Artist’s rendering of a proposed six-storey apartment complex on Inverness Road and Quadra Street rejected by Saanich council.

Public needs say, developers told as council rejects another project because of lack of consultation


A plan to dramatically change a Saanich neighbourhood’s skyline was rejected last week.

A better effort at public consultation is needed, said council, if developers hope to proceed with plans for three six-storey buildings in the area known as the Cloverdale triangle.

“You’ve come a long, long way,” Coun. Vicki Sanders told the applicants behind the Shire Condos, a 102-unit complex proposed for Inverness Road and Quadra Street, which has come before council in a number of different incarnations over the past eight years.

But she said making development decisions just to beautify an empty lot isn’t a smart way to approve projects. “This has to go back to the community.”

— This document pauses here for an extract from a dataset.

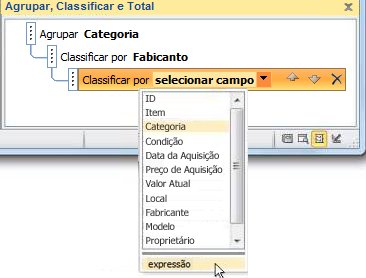 Escolhendo a opção de expressão no painel Agrupar, Classificar e Total.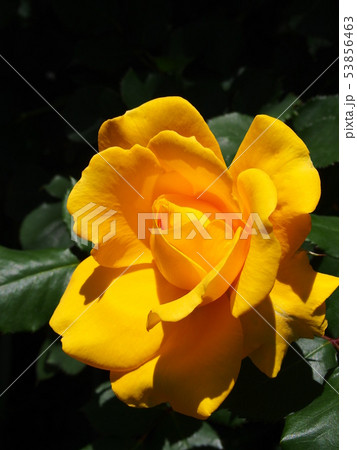 バラ　（ヘンリー・フォンダ）　 53856463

It’s a comment that is often repeated to developers at council meetings.

Several projects have been stalled or halted completely because of inadequate public consultation.

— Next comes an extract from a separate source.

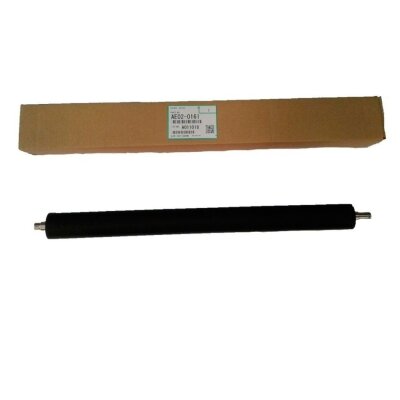 Ricoh AE020161 Druckwalze - 1022ZCARTKEEP0002ZXQ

In the case of the Shire Condos, their attempt at letting neighbours know about their plans was limited to a scarcely attended open house held one year ago.

“You need to go back to listen to that community,” said Coun. Wayne Hunter. “And you’re going to get beaten up – but at least you’re out there. It’s important that everyone has the air time and everyone’s opinion is heard.”

Coun. Judy Brownoff agreed, adding it’s about more than just paying lip service to the neighbours.

“I think what developers feel is that they’re not going to get a consensus anyway on some aspects. But, for council, if we see you do that, have the consultation and you amend your project in some way, that’s a plus for you if we see that you’ve been working with the community,” Brownoff said.

Coun. Lief Wergeland said neighbours and the community association also need to make an effort to inform themselves, and ask questions of the developer throughout the whole process. It’s not enough to complain about a project at the 11th hour, he said.

One of the most common problems is that even immediate neighbours aren’t always aware of what’s being planned next door.

It’s unfortunate when that happens, Mayor Frank Leonard said, because public consultation is a “critical” part of the development process.

The Shire Condos’ open house, held on June 22 last year, drew 19 neighbours who signed a guestbook. Five of those also noted their concerns about the height of the buildings.

Last week, three neighbours voiced concerns about the height, which remains at six storeys, as well as the perceived lack of public consultation.

Project postponed

• The June 20 application included three six-storey buildings (one 30-unit, two 36-unit).

• Surface parking would be kept to a minimum, and a secure underground parking garage would accommodate residents’ cars.

• Ten of the units would be guaranteed for low-income seniors.

• Among councillors’ concerns was a confusing, four-lane entrance to the site off Inverness that would lead to both the front entrances of the buildings and the underground parking.

• Concerns also stemmed from guidelines from Local Area Plans and the Official Community Plan regarding density and building height.